By clicking “Sign up for GitHub”, you agree to our terms of service and privacy statement. We’ll occasionally send you account related emails.

Already on GitHub? Sign in to your account

The SPA default page middleware could not return the default page '/index.html' in production application #5223

Open
danobri opened this issue Jul 25, 2018 · 104 comments
Labels
affected-most This issue impacts most of the customers area-ui-rendering Includes: MVC Views/Pages, Razor Views/Pages bug This issue describes a behavior which is not expected - a bug. feature-spa investigate severity-minor This label is used by an internal tool
Milestone

Comments

@danobri
Copy link
Contributor

danobri commented Jul 25, 2018

I have an ASP.Net Core / Angular 5 application that is logging errors to the Windows Event Log in our production environment. The following error is getting logged frequently but intermittently in production, and I have no idea why. The application is definitely in production mode, has been published, and is functioning.

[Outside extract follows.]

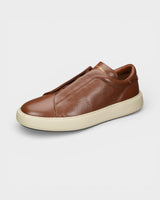 Slouch Elastic Slip On Sneaker - Oak Hall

System.InvalidOperationException: The SPA default page middleware could not return the default page '/index.html' because it was not found, and no other middleware handled the request. Your application is running in Production mode, so make sure it has been published, or that you have built your SPA manually. Alternatively you may wish to switch to the Development environment.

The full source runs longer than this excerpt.